= Beginning of Section =

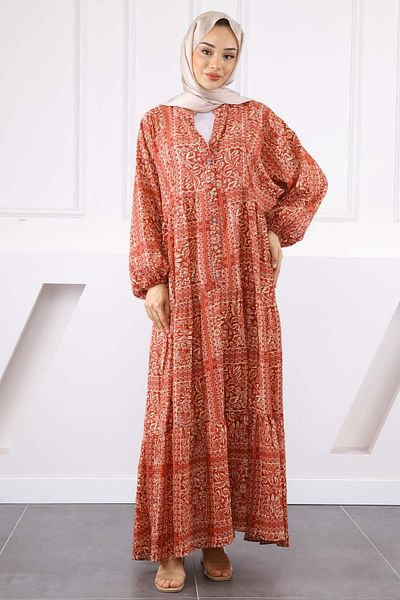 İmajButik Tile Half Button Skirt Layered Dress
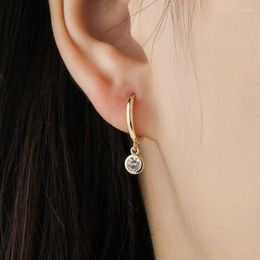 Dangle Earrings 925 Sterling Silver Earring Fashion Zircon Round Short Pendant Circle Ear Ring Bone Trend Wild Female Girl Jewelr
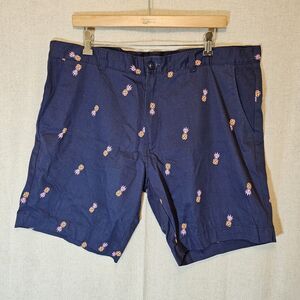 Essex Crossing Men Blue Cotton Pineapple Print Golf Novelty Chino Shorts Sz 38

= End of Section =

An exact repeat of the listing above, pictures excluded, is the answer.

EXERCISE OUTPUT:
 İmajButik Tile Half Button Skirt Layered Dress
 Dangle Earrings 925 Sterling Silver Earring Fashion Zircon Round Short Pendant Circle Ear Ring Bone Trend Wild Female Girl Jewelr
 Essex Crossing Men Blue Cotton Pineapple Print Golf Novelty Chino Shorts Sz 38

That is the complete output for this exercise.